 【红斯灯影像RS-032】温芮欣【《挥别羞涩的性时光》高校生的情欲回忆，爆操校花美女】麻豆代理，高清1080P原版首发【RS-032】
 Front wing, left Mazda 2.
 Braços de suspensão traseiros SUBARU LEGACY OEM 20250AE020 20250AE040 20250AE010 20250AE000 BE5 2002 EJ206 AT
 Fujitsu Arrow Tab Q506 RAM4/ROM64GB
--
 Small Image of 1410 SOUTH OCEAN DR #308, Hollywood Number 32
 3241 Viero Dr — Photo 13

● **What is expected**
The response should be the listing above, limited to the lines between the one holding "Braços de suspensão" and the one holding "Fujitsu Arrow Tab Q506 RAM4/ROM64GB", inclusive, reproduced exactly.

● **The answer**
 Braços de suspensão traseiros SUBARU LEGACY OEM 20250AE020 20250AE040 20250AE010 20250AE000 BE5 2002 EJ206 AT
 Fujitsu Arrow Tab Q506 RAM4/ROM64GB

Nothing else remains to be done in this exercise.